Any discussion about U.S.-Saudi relations quickly gets to the subject of oil. Washington is awash in ideas about cutting U.S. reliance on OPEC oil. First the facts. The U.S. has already done a decent job in cutting its dependence on OPEC oil. In 1960, 81.3% of all imported oil came from OPEC. In 1990, it was 60%. By 2000, only 50.9% came from OPEC, and that figure continues to trend downward sharply. The U.S. has also succeeded in weaning itself off oil in generating electricity. Today, domestically produced natural gas, coal, hydroelectric power, and nuclear power provide practically all the electricity in the nation. Oil is used mostly for transportation, as well as petrochemicals and heating homes, mainly in the Northeast.
Conservatives are demanding more drilling and more oil supply. Certainly, a portion of that should now come from within the U.S., but the fastest way to boost production may lie in helping America's old nemesis and new geopolitical friend, Russia. Russia is already the second-largest oil producer, exporting 3 million barrels a day, compared with 8 million for Saudi Arabia. With just a small capital investment, it has already boosted production by 1 million barrels a day, to 7 million. With assistance, it could probably increase production to 11 million barrels, its peak in the 1980s, with most going for export.

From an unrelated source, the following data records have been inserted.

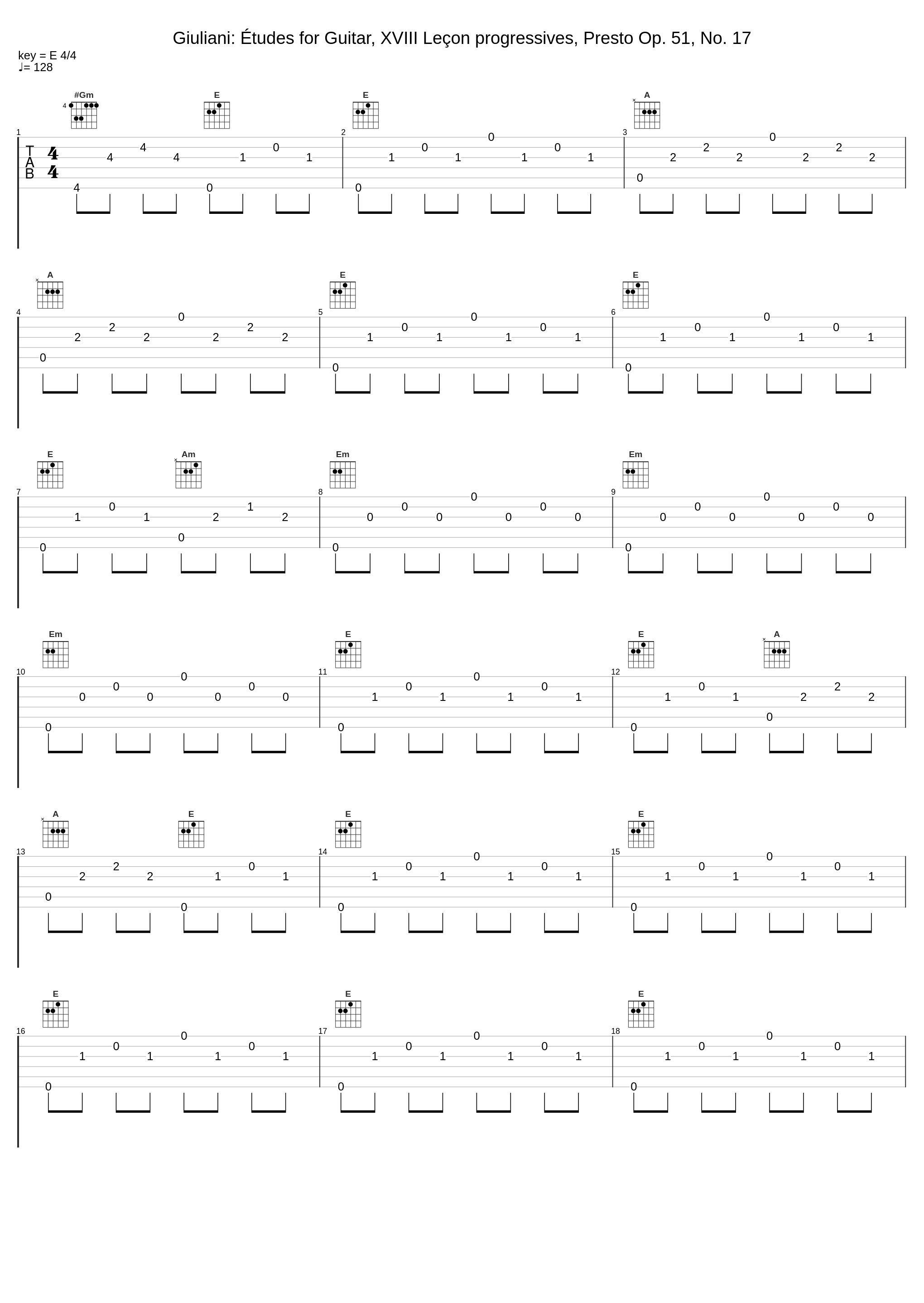 Giuliani: Études for Guitar, XVIII Leçon progressives, Presto Op. 51, No. 17_Elena Càsoli_1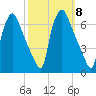 Pavonia tide chart for Wednesday, October 8, 2025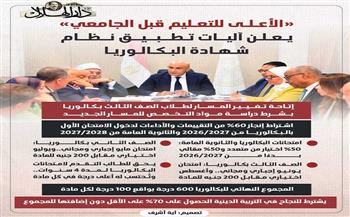 كل ما تريد معرفته عن البكالوريا.. آليات التطبيق والتقييم والاختبارات| إنفوجراف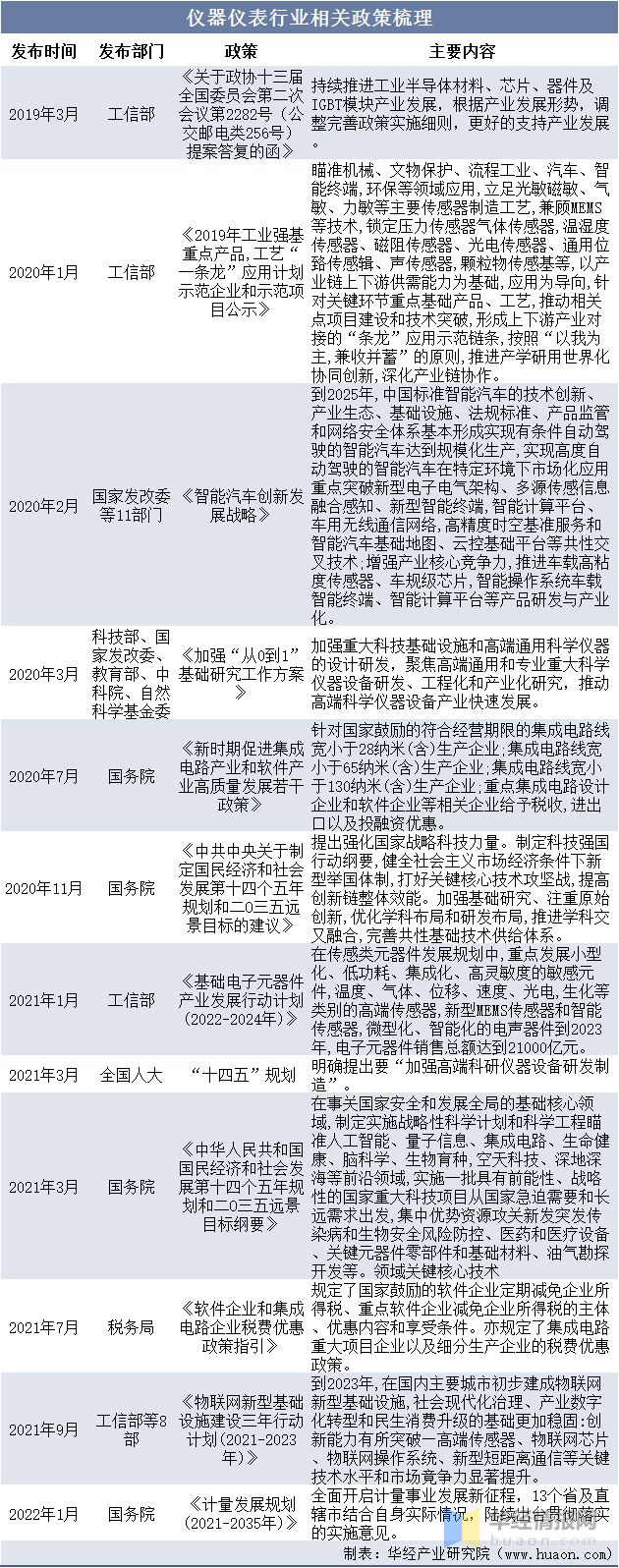 干货！一文看懂压力检测仪器仪表行业发展现状：下游应用行业广泛j9九游会官网(图3)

The new U.S.-Russian anti-terrorist alliance can also help boost production in the Caspian Sea region. This area has the largest oil field found anywhere over the past 30 years, but Washington and Moscow have battled fiercely over rival pipeline routes to get the oil out. With Russia, Uzbekistan, and other Central Asian countries joining with the U.S. against the Taliban, that geopolitical competition is over. Millions of barrels could be pouring out of the Caspian Sea in two to three years. Together with large projects in Brazil, off the coast of West Africa, and in the Gulf of Mexico, the supply of non-OPEC oil is due to surge. That could permit the U.S. to significantly cut its dependence on OPEC oil in short order.
But it's not enough. To cut dependency, Detroit must do its part. Cars and light trucks (SUVs) are the main users of oil in the U.S. Existing technology today could nearly double mileage for autos. Washington, as a matter of national security, now should tell Detroit to raise its mileage standards. And providing tax credits to consumers who purchase high-mileage vehicles is one tax break worthy of consideration.
It may never be possible for the U.S. to be totally independent of OPEC oil. But encouraging production, especially overseas, while boosting engine efficiency at home could gain the country a lot more freedom and maneuverability in the years ahead.